Cellular Congenital Mesoblastic Nephroma: Clinical-Diagnostic Imaging-Pathologic Features
J Hicks, P Bayindir, M Chintagumpala, P Guillerman. Texas Children's Hospital, Baylor College of Medicine, Houston, TX
Background: Congenital mesoblastic nephroma (CMN) is the most common renal neoplasm of infancy. 2 CMN forms exists - classic (low cellularity, resembling myofibroma) and cellular (high cellularity, resembling congenital infantile fibrosarcoma). Cellular CMN is locally aggressive and invasive, and associated with metastatic disease. Cellular CMN shares similar histopathologic features and the tumor-defining translocation [t(12;15), ETV6-NTRK3] with congenital infantile fibrosarcoma.

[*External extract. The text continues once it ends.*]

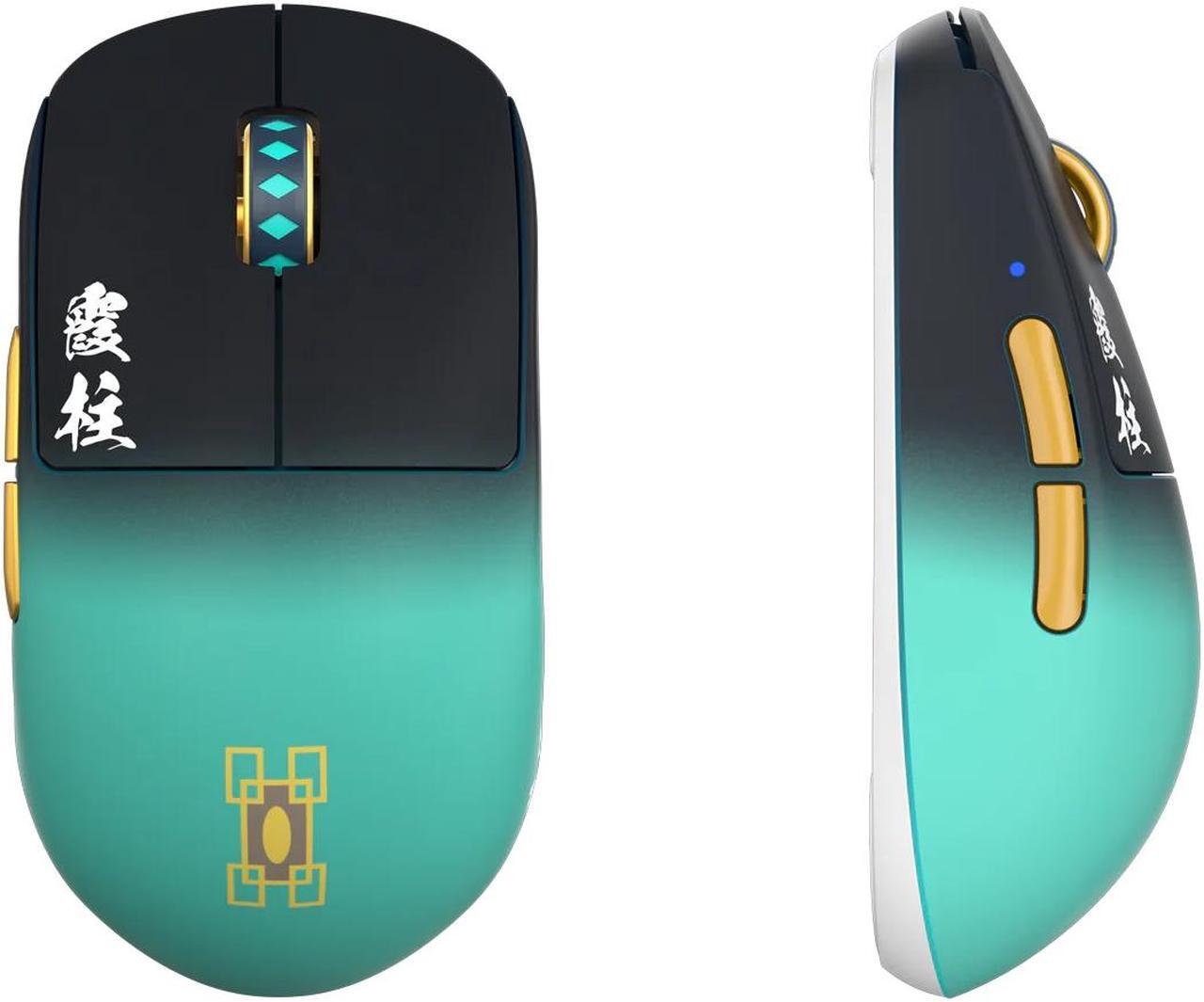 Alt view image 2 of 6 - Pulsar Gaming Gears X2H Mini (High Hump) Demon Slayer Edition - Wireless Gaming Mouse, Ultra Lightweight 53g, PAW3395 26K DPI, 1ms Polling, Optical, Lag-Free 2.4 GHz, Tokito Muichiro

Design: Pathology archives were searched over a 10 year period for cellular CMNs (n=8, age range 6d to 6 mos, 5M:3F). Clinical presentation was large palpable abdominal mass with hypertention (6/8), hypercalcemia (2/8), hematuria (2/8), and in utero polyhyrdramnios (1/8). Tissue was available for microscopic, ultrastructural, cytogenetic and RT-PCR translocation studies.
Results: Diagnostic imaging showed large renal masses (5.5 to 14.6cm). Tumors crossed the midline and encased major vessels in 2 cases. There was paravertebral, retroperitoneal and intraspinal tumor extension in 1 case. Tumors were Stage 1 or 2 in 5 cases. Tumor weights ranged from 137 to 1,552 gms. Tumors had a fleshy character with some areas of cystic degeneration and hemorrohage. Tumors were highly cellular spindle cell proliferations with minimal supporting stroma. Mitotic rate was brisk. Tumors lacked encapsulation and infiltrated the adjacent normal kidney. 4 tumors infiltrated the renal capsule with extension into perirenal adipose tissue (3/4). Electron microscopy showed spindle cells with infrequent collagen. In the stroma, there was dense granular, amorphous material previously characterized for congenital infantile fibrosarcoma. Cytogenetics and RT-PCR identifed the t(12;15) tranlsocation. Metastastic disease occurred in 2 patients (liver, lung, peritoneum). Chemotherapy was required in 4 patients due to inability to perform a primary resection at diagnosis or due to metastatic disesae. At a mean follow-up peroid of 3.6 years, 1 patient died of disease and 7 are free of disease.
Conclusions: Cellular CMN is distinctive aggressive, invasive neoplasm with metastatic potential. This tumor shares histopathologic, ultrastructural and molecular features with congenital infantile fibrosarcoma. Renaming cellular CMN as Congenital Infantile Renal Fibrosarcoma should be considered in order to provide appropriate workup, therapy and followup for infants with this aggressive primary renal tumor.